What is needed is an exact transcription of the line with "Off-White Black Airport" and all the lines that follow it in the entries below; add nothing else.

START DATA PROVIDED

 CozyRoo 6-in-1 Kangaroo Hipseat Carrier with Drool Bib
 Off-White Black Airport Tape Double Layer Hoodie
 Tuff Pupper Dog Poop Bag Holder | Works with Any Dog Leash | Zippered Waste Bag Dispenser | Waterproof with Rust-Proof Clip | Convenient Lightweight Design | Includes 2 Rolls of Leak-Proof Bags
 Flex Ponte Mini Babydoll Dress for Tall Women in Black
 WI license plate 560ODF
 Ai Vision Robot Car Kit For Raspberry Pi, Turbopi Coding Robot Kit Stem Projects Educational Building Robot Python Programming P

END DATA PROVIDED

> **OUTPUT OF THE TASK**:
 Off-White Black Airport Tape Double Layer Hoodie
 Tuff Pupper Dog Poop Bag Holder | Works with Any Dog Leash | Zippered Waste Bag Dispenser | Waterproof with Rust-Proof Clip | Convenient Lightweight Design | Includes 2 Rolls of Leak-Proof Bags
 Flex Ponte Mini Babydoll Dress for Tall Women in Black
 WI license plate 560ODF
 Ai Vision Robot Car Kit For Raspberry Pi, Turbopi Coding Robot Kit Stem Projects Educational Building Robot Python Programming P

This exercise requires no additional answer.